#### [Work required]
Once the line with "One A Day Mens" is found in the entries below, repeat it and each following line exactly, up to and including the line with "Rideaux De Douche". Add no other lines.

#### [Dataset entries]

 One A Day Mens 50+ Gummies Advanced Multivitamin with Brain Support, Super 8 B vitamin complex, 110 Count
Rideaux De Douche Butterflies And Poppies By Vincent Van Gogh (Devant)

* * *

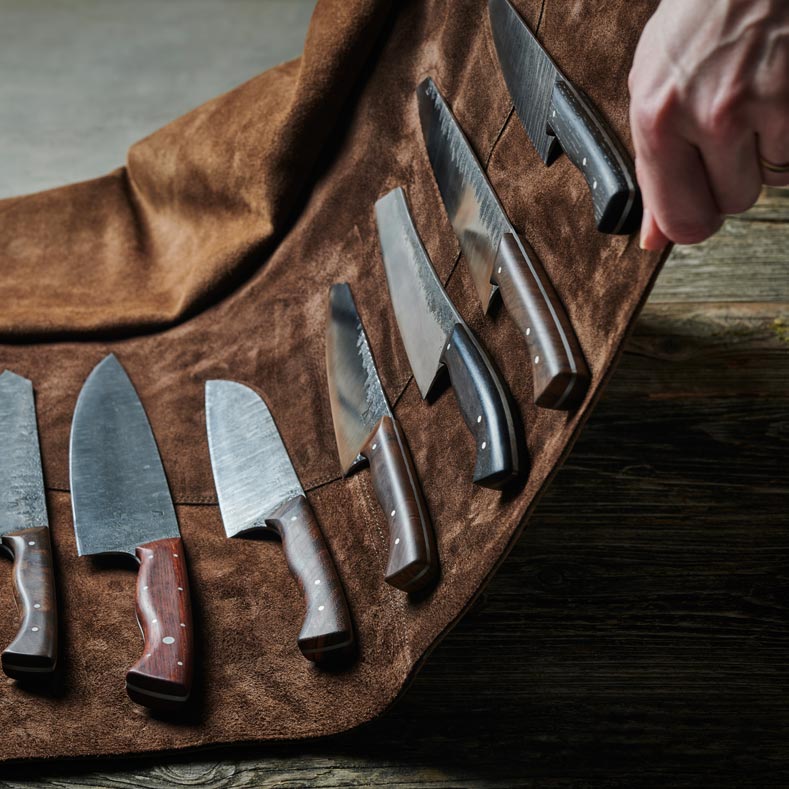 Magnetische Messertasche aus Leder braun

#### [Answer for the task]
 One A Day Mens 50+ Gummies Advanced Multivitamin with Brain Support, Super 8 B vitamin complex, 110 Count
Rideaux De Douche Butterflies And Poppies By Vincent Van Gogh (Devant)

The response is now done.